Assignment
Only one stretch of the data is wanted: the line containing "ears eyes fangs", the line containing "Stupell Industries Sun", and every line between them, copied exactly.

Dataset records
↓↓↓

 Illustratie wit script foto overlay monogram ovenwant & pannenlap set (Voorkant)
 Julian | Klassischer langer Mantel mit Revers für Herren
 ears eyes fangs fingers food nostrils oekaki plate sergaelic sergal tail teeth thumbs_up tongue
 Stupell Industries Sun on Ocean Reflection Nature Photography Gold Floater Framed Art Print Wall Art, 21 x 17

↑↑↑
↓↓↓

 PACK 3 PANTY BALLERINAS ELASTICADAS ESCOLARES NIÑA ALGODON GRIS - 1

↑↑↑

Solution to the problem
 ears eyes fangs fingers food nostrils oekaki plate sergaelic sergal tail teeth thumbs_up tongue
 Stupell Industries Sun on Ocean Reflection Nature Photography Gold Floater Framed Art Print Wall Art, 21 x 17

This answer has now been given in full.